# Flexible Glass



## NerdyCavegirl (Mar 4, 2016)

Is there any known way to make glass flexible, preferably strong and flexible enough to be used for a sword? If so, how exactly is this done? If not, any theories about how it possibly could be?


----------



## CrystalCHTriple (Mar 4, 2016)

https://www.technologyreview.com/s/600894/flexible-glass-could-bring-back-the-flip-phone/

I am not sure how to conceptualize it to a sword, however, as I did not read in detail the information in the link... but I sure as heck directed you to it


----------



## AndrewLowe (Mar 4, 2016)

Wave wands and s**t!!!  Use the magics!


----------



## AndrewLowe (Mar 4, 2016)

That was in all caps...  Unfortunately it's not in all caps anymore...


----------



## DMThaane (Mar 4, 2016)

The only glass swords I've ever read about being remotely plausible are metallic glass swords. They appear to be entirely theoretical at the moment and I couldn't find much beyond rampant speculation last time I researched them (which was at some point last year) but if you're not married to conventional (silicate) glass then I'd recommend looking into it.


----------



## Jerseydevil (Mar 4, 2016)

You're going to have to magic this. A real sword needs to be strong enough to not shatter when it hits something hard, be able to hold an edge and not get bent or warped out of shape with impact, and flexible enough that it's not brittle. Metal can do this, and no other natural substance can do so effectively. There are some weapons that use obsidian as the blade, but these are more like razor edged clubs with obsidian inserts. 

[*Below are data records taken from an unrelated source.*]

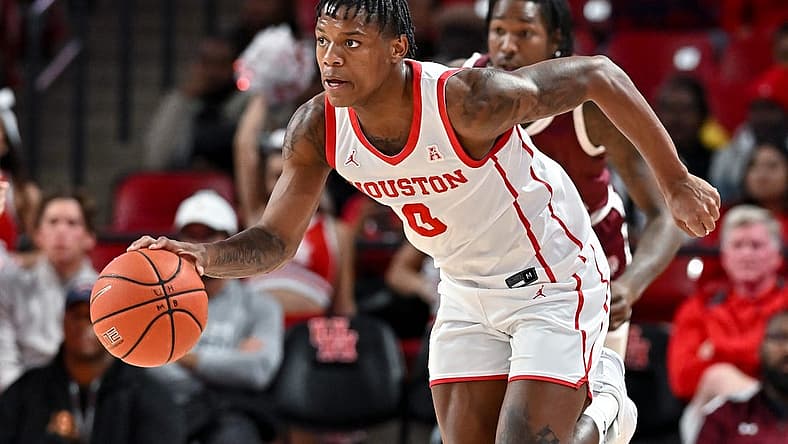 Nov 16, 2022; Houston, Texas, USA; Houston Cougars guard Marcus Sasser (0) brings the ball up court during the first half against the Texas Southern Tigers at Fertitta Center. Mandatory Credit: Maria Lysaker-USA TODAY Sports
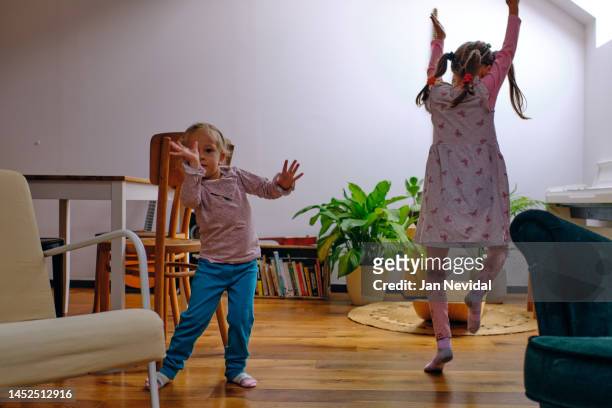 two small girls dancing in the living room - sister act stock pictures, royalty-free photos & images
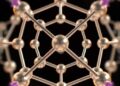 Flux-driven ligand exchange reshapes metal–organic framework glasses
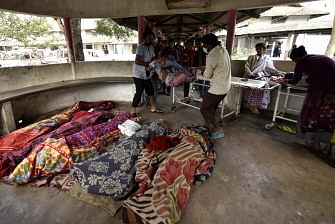 The dead bodies of people killed by drinking toxic bootleg liquor are gathered together at Kushal Konwar Civil Hospital in Golaghat district in the northeastern Indian state of Assam on 23 February 2019. Sixty-nine workers have died and at least 200 others have been hospitalised in northeastern India after drinking toxic liquor, officials said 23 February, in the latest case of alcohol poisoning in the country. Photo: AFP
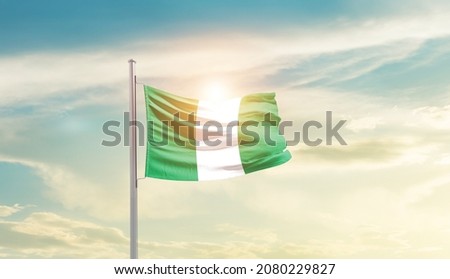 Nigeria national flag waving in beautiful sky.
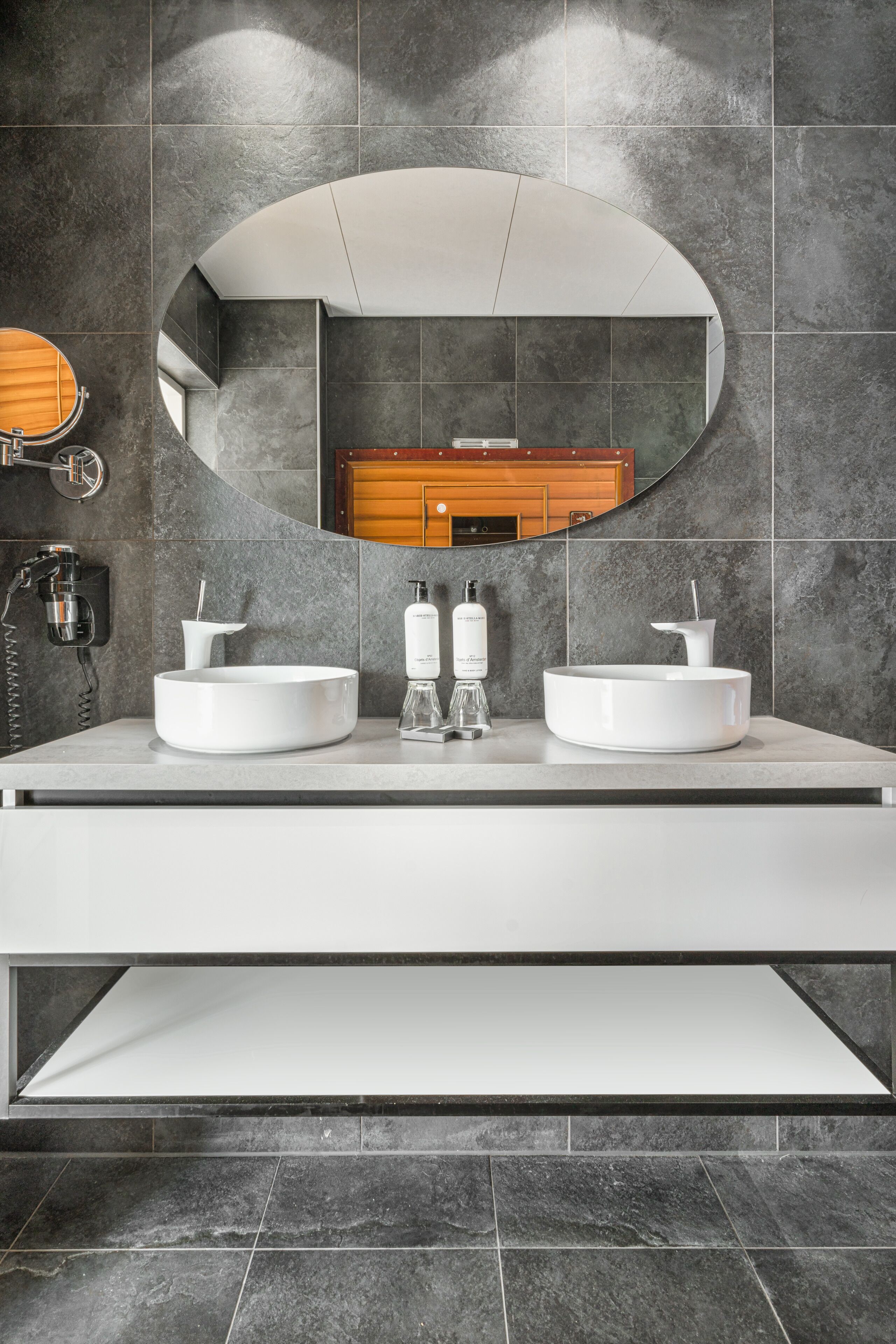 A modern bathroom with a large mirror, two sinks, and a wooden cabinet in the background.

This is fiction, so you are going to have to wave some wands to make this happen.


----------



## FifthView (Mar 4, 2016)

I think the visual image of a glass sword is one thing, such as what one might see in a movie or on television, but that in written form it's not particularly spectacular.  The question has been raised before, and the same problems with the idea, and I wonder why the idea intrigues for written fiction.


----------



## NerdyCavegirl (Mar 4, 2016)

FifthView- For the pretty. And because the pyrokinetic nomad tribe is well-known for the glass wonders they mold from desert sand, so I found the idea of a flexible weapons-grade "ancient nomad secret" glass to be quite fitting. I'm already stretching reality enough with the wielder of the sword holding it up at just the right angle to magnify sunlight into a mini-deathray, so I at least wanted to have the foundation of the glass set as firm in physics as possible. Silicate glass for the weapons isn't a necessity, they do have other resources in the desert, I just want something that an average person would look at and think "glassy".


----------



## AndrewLowe (Mar 4, 2016)

NerdyCavegirl said:


> FifthView- For the pretty. And because the pyrokinetic nomad tribe is well-known for the glass wonders they mold from desert sand, so I found the idea of a flexible weapons-grade "ancient nomad secret" glass to be quite fitting. I'm already stretching reality enough with the wielder of the sword holding it up at just the right angle to magnify sunlight into a mini-deathray, so I at least wanted to have the foundation of the glass set as firm in physics as possible. Silicate glass for the weapons isn't a necessity, they do have other resources in the desert, I just want something that an average person would look at and think "glassy".



Conext is key 

I wish that I had more reputation to give out at the moment...  Depending on how far you are willing to dip into sci-fi, you could delve into a primitive form of chemistry/alchemy and adjust the chemical structure of the sand and/or glass.  I'm not sure how that would work, but it's just an idea.


----------



## Jim Aikin (Mar 5, 2016)

NerdyCavegirl said:


> I'm already stretching reality enough with the wielder of the sword holding it up at just the right angle to magnify sunlight into a mini-deathray, so I at least wanted to have the foundation of the glass set as firm in physics as possible.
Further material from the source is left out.